A surgical option can be pursued by people with a high BMI (body mass index) of 40 or greater. It is also an option if a person has a lower BMI if other health-threatening conditions are present, and a doctor recommends surgery for the health of the patient. While age is not a barrier to the surgery, patients typically range from 18-65 years old. Whether surgery is a possible solution, and which procedure is employed, is best made with the private counsel of a trusted bariatric surgeon and patient. There are risks inherent in surgery as well as benefits, and both of these considerations must be weighed seriously before surgery.
Losing a great deal of weight can have physical benefits for patients. It may help lessen the risks of heart disease and improve blood pressure. Memphis obesity surgery may result in the elimination of diabetes medications. Conditions relating to acid reflux may improve as well as those related to sleep apnea.
Overall, losing up to fifty percent of body weight can result in an increased energy level and significant relief from joint and back pain. Importantly, patients report that they experience an improvement in outlook and emotional well-being.
Surgery is not without risk.
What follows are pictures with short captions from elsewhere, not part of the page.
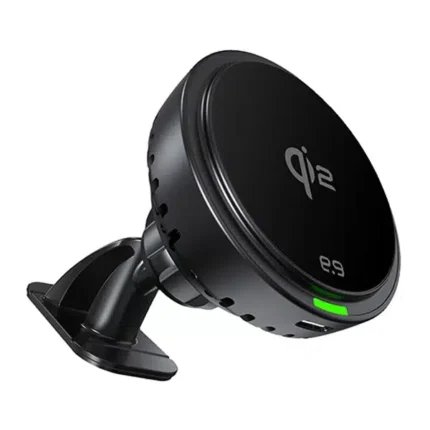 מעמד מגנטי מתקדם לרכב עם מאוורר מובנה וטעינה אלחוטית מהירה 15W מבית PureGear Qi2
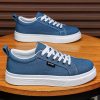 New Large Size Men'S Shoes with Thick Soles, Versatile Trendy sneakers, Dad Shoes Made of Mesh, Canvas Shoes, And Skate Shoes Suitable for Spring, Summer, Autumn, And Winter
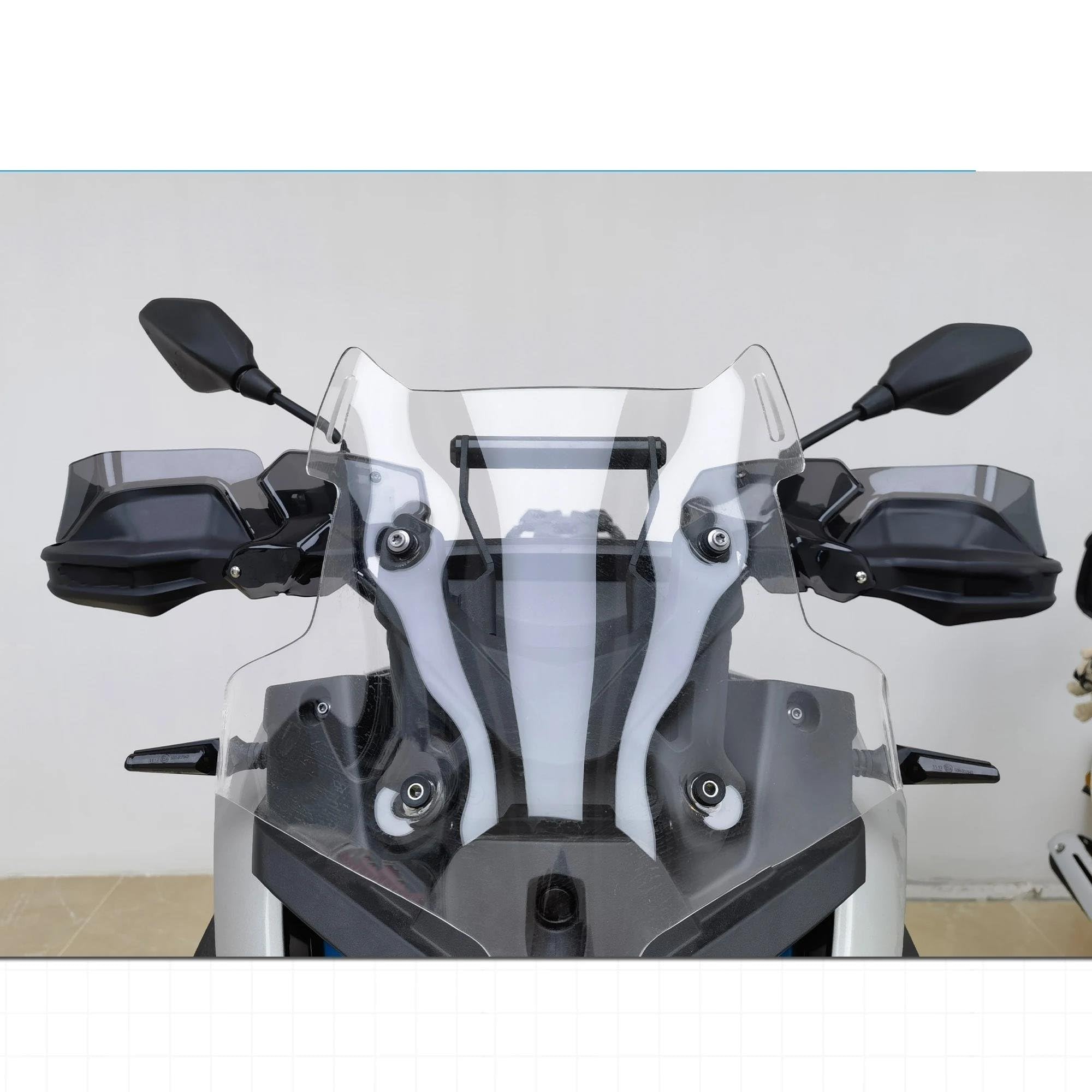 Scudo Antivento Paramani Per Loncin Per Voge Per SR1 Per ADV 125 2025 Parabrezza Manubrio Moto Protezione Mano(B)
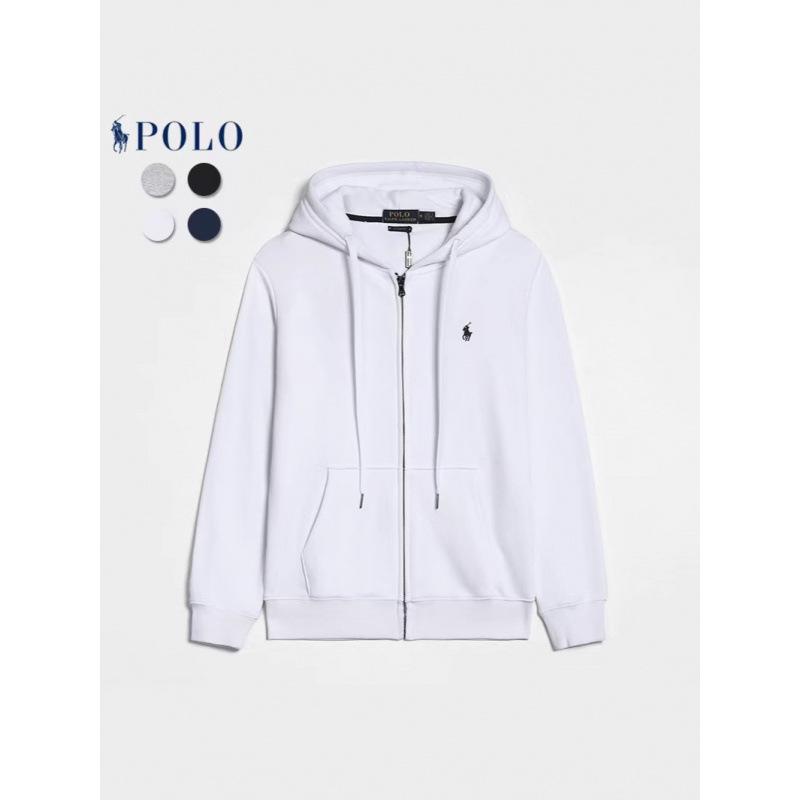 Men's Embroidered Small Horse Zip-Up Hoodie - Casual Long-Sleeved Jacket for Spring and Autumn.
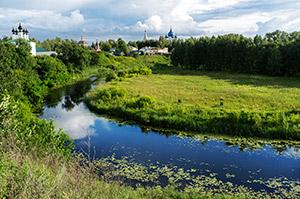 landscape near Suzdal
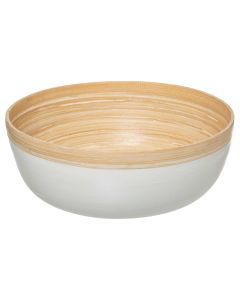 FIVE Činija Modern 30cm 30x12cm bambus bela - 179728A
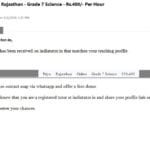 Tutor Wanted Query Rajasthan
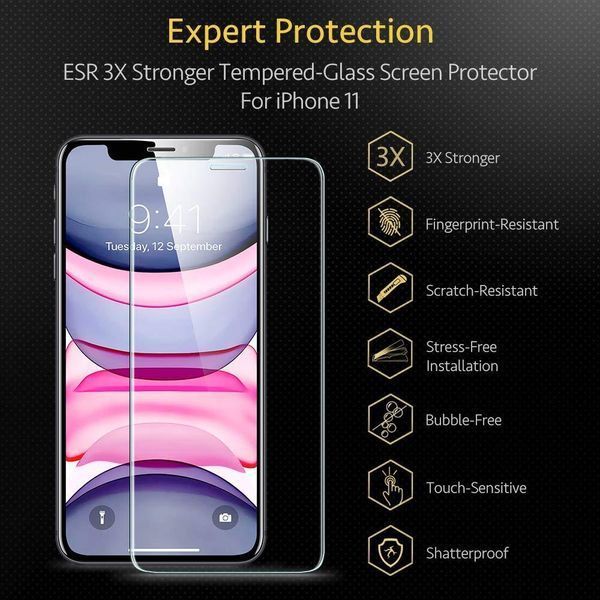 Захисне скло ESR Tempered Glass Screen Protector 2 pack для iPhone 11 | Xr 1838162437 фото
The American Society of Bariatric and Metabolic Surgeons report a mortality rate of less than .1% nationally for obesity surgery procedures. This risk should be weighed against the comorbid conditions that are life-threatening and closely associated with obesity including liver problems, heart disease, respiratory illnesses and diabetes.
During and post-surgical complications include bleeding, blood clots and infection. Other complications are hernias, diarrhea, constipation, anemia, gallstones and obstructions. Your surgeon will go over the possible complications with you during your pre-operative consultations. Make sure you ask your surgeon the chances of experiencing complications based on their previous surgeries. While not common, complications do occur and you will want to know how your surgical team addresses complications.
Weight loss after surgery can be quite significant amounting to 8 to 10 pounds per month or more. Your success after surgery will be determined by your adherence to a food plan prescribed by your doctor (both before and after surgery) which is designed to help facilitate weight loss, help the body heal, and imprint healthier eating habits that will serve you well the rest of your life. You will be encouraged to increase your physical activity as you are able towards pursuing activities that you might not have been able to participate in before surgery.